No, the Broncos came into this game with a surprising defensive game plan -- "Early on we didn't really know what exactly they were doing," TCU quarterback Andy Dalton said -- and they played ferocious defense all game long. Then, they turned the game with a daring fake punt in the fourth quarter. The fake punt from deep in their own end worked, the Broncos scored the game-winning touchdown four plays later, and Boise State held on at the end.
"I think (trick plays) are what they expect out of us," Petersen said with a little smile, "so we're happy to deliver if it gives us one more point than the other guys."
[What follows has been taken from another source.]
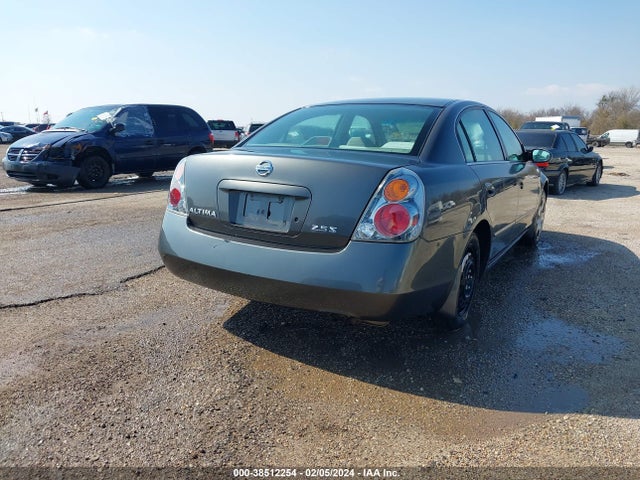 2004 NISSAN ALTIMA 2.5 S VIN: 1N4AL11D34C172505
I don't know if Boise State's victory was impressive enough or showy enough to convince people that they could beat Alabama or Texas. But I never thought that football was a judge's sport. The Broncos won the game. That gave them a BCS bowl victory and an undefeated season, and their piece of the national championship, if they will just claim it. In a couple of days, Texas and Alabama will play a game that the BCS and people around America will call the National Championship Game. And it is that: Texas and Alabama are undefeated too, and those teams played great opponents, and the winner absolutely deserves to be national champions, too.
But I guess that's the point. College football is a big game. And America is a big country. It's a country big enough for Limbaugh and Moore, for Beyonce and Taylor Swift, for Clooney and Pitt, for three CSIs AND Cold Case, for Harry Potter and Twilight, for Julie and Julia. Nobody will ever be able to prove that the Texas-Alabama winner is better than Boise State or vice versa.
And it seems to me that we can embrace that. We should embrace that. Nobody can stop people from Boise State from selling "National champions" T-shirts. Nobody can stop people from buying those shirts. And nobody can say those shirts are wrong.